I hope you bought the mask to go with it.


----------



## rick2221

Ventruck said:


> I hope you bought the mask to go with it.


included


----------



## r1lee

i had just ordered this bike, but Giant Canada is raising their cost so i'm not sure what the new cost is and my store had to pull back the pricing.


----------



## rick2221

r1lee said:


> i had just ordered this bike, but Giant Canada is raising their cost so i'm not sure what the new cost is and my store had to pull back the pricing.

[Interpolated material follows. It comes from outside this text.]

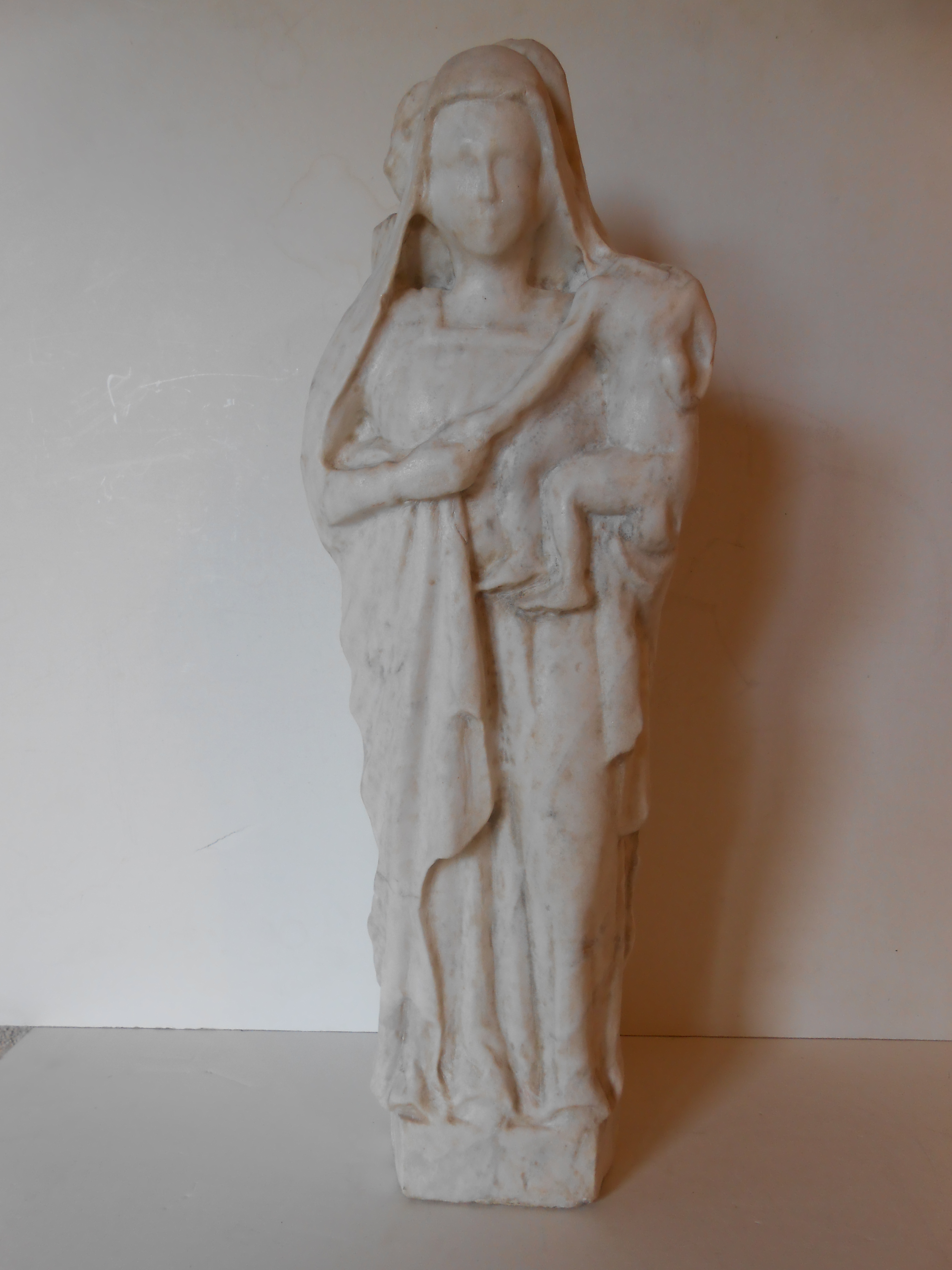 Madonna con bambino (statua)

When is it expected to arrive?


----------



## Stoneman

That's a nice looking bike. I'm currently looking at the 2016 TCR Advanced Pro 0. It has full mechanical Dura Ace and the lightweight SLR 0 wheelset. I currently ride a 2006 TCR Composite, which I bought new, but the only original things on the bike is the frame, fork, and seat post.


----------



## rick2221

Stoneman said:


> That's a nice looking bike. I'm currently looking at the 2016 TCR Advanced Pro 0. It has full mechanical Dura Ace and the lightweight SLR 0 wheelset. I currently ride a 2006 TCR Composite, which I bought new, but the only original things on the bike is the frame, fork, and seat post.

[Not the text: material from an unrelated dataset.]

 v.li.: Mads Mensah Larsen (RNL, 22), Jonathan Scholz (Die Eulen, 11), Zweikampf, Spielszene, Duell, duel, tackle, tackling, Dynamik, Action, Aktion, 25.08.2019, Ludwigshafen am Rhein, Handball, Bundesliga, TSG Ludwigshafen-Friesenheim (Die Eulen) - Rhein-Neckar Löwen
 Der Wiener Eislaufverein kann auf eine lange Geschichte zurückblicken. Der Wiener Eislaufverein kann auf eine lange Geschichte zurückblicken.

I believe the SLR 0 wheelset weights in at 1331 gr, the rep was there when I ordered my bike and he had a set of SLR 0's with him, very steath looking and the only difference between the SLR 0 and SLR 1's are the hubs and spokes, same carbon rim.


----------



## Andy STi

I demoed a 2016 TCR Advanced Pro 0 back on Aug 2nd when the demo truck came to town. 

The bike was great. Super stiff and very light. The SLR 0 wheels are awesome. I didn't care for the tires as they were a bit too narrow for me but I really liked everything else. 52/36 crankset was kinda cool too.


----------



## Stoneman

That's good to hear on the TCR Advanced 0. I hope my local Giant dealer has one in soon for me to test ride.


----------



## fraserdave45

I just picked up my 2016 TCR Advanced Pro 1 last Saturday. It was exactly 4 weeks from order until delivery. I can't say I minded because this bike was $3500 when I placed the order, but for some reason Giant dropped the price to $3200, so I saved another $300 when I paid it off. I immediately dumped the 700 x 23c Giant tires for some Schwalbe One's in 700 x 25c. This made a huge difference in ride compliance. It is an amazing riding bike! It is a size M and it weighed out at 15.7 lbs with Ultegra pedals and one water bottle cage on the Park scale.


----------



## rick2221

Post some pics when you can


----------



## fraserdave45

I only have this crappy one right before I put it in my truck to bring it home. I will take some more with the new tires, once we actually get a nice day!


----------



## rick2221

Friend of mine bought the exact same bike, loves it. It was the first one I've seen and thought the paint scheme was great, much better in person.


----------



## Rashadabd

rick2221 said:


> Friend of mine bought the exact same bike, loves it. It was the first one I've seen and thought the paint scheme was great, much better in person.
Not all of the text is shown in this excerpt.